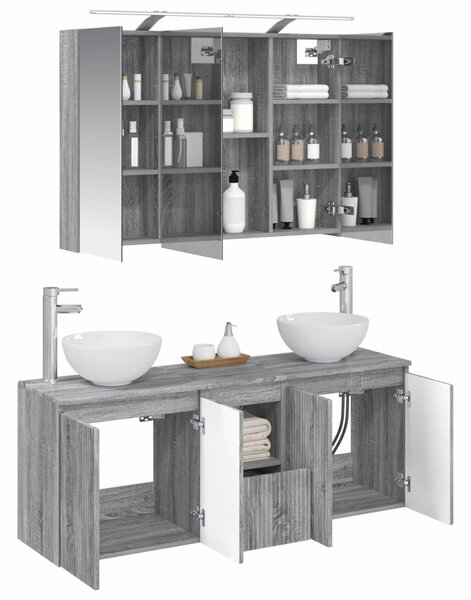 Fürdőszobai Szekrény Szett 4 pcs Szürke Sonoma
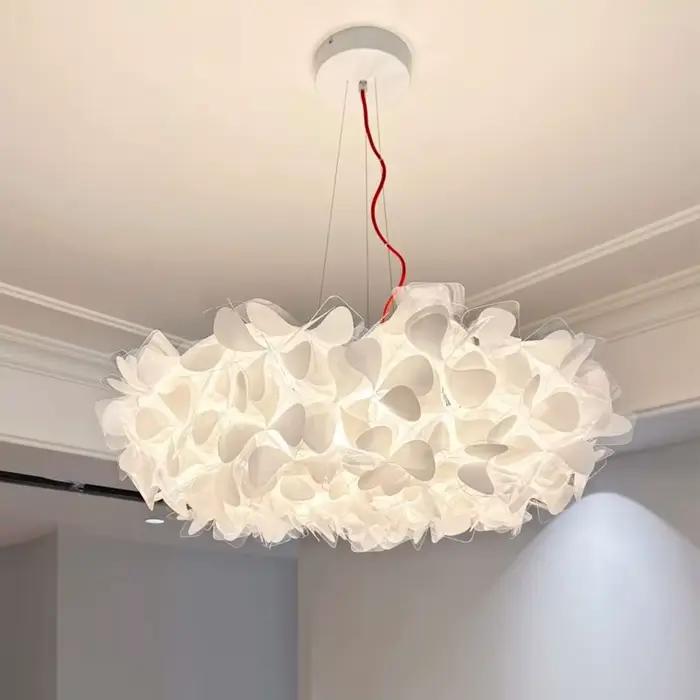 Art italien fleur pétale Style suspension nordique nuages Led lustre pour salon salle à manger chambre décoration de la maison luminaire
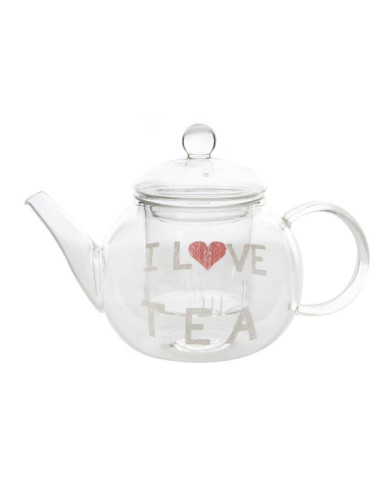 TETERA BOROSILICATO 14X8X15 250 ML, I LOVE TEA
+ + + +
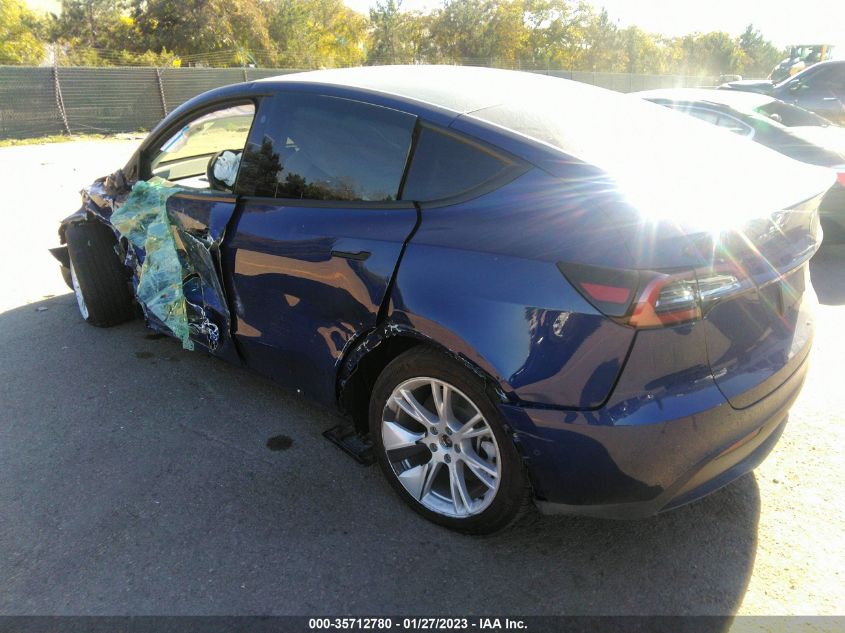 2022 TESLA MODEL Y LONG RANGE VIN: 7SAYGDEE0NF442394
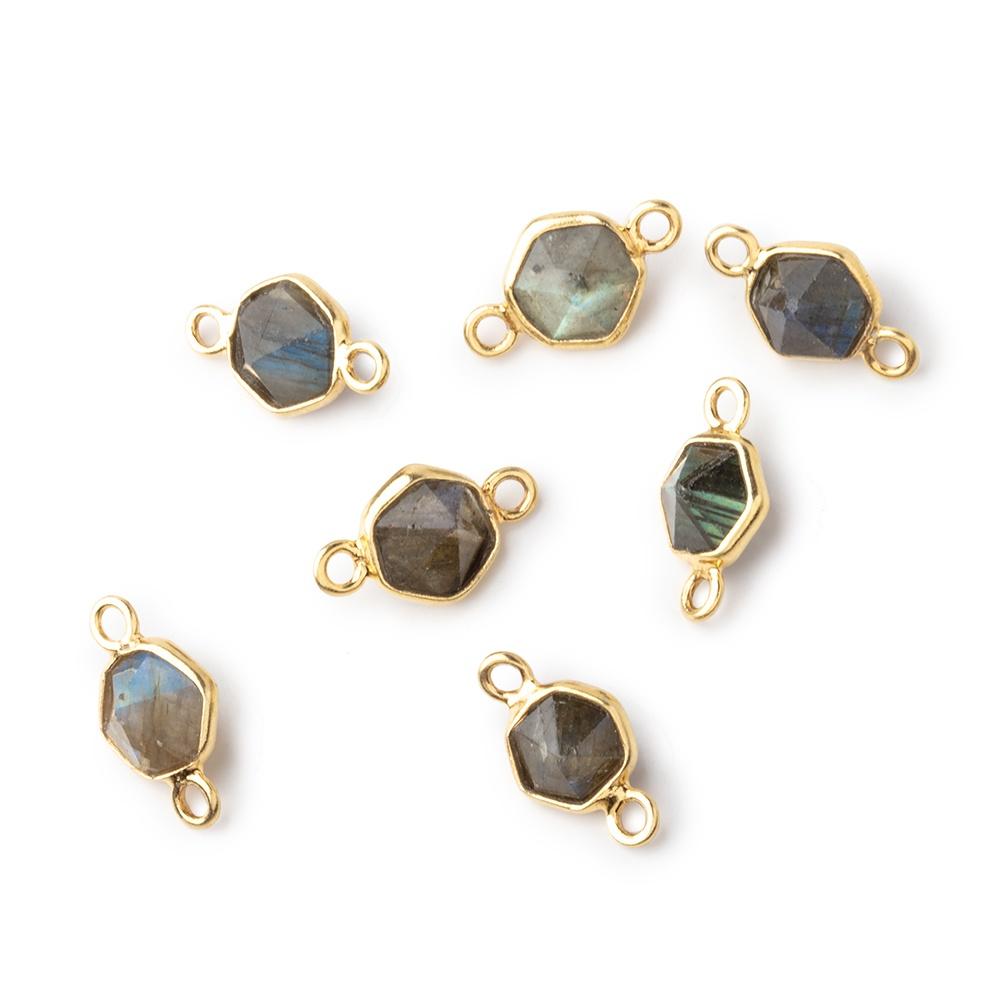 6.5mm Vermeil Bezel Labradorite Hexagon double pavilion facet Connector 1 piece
+ + + +
◆ Task to carry out
Each line above from the one containing "Fürdőszobai Szekrény Szett" through the one containing "TETERA BOROSILICATO 14X8X15" is to be returned verbatim. Nothing else, and no pictures.

◆ Answer space
 Fürdőszobai Szekrény Szett 4 pcs Szürke Sonoma
 Art italien fleur pétale Style suspension nordique nuages Led lustre pour salon salle à manger chambre décoration de la maison luminaire
 TETERA BOROSILICATO 14X8X15 250 ML, I LOVE TEA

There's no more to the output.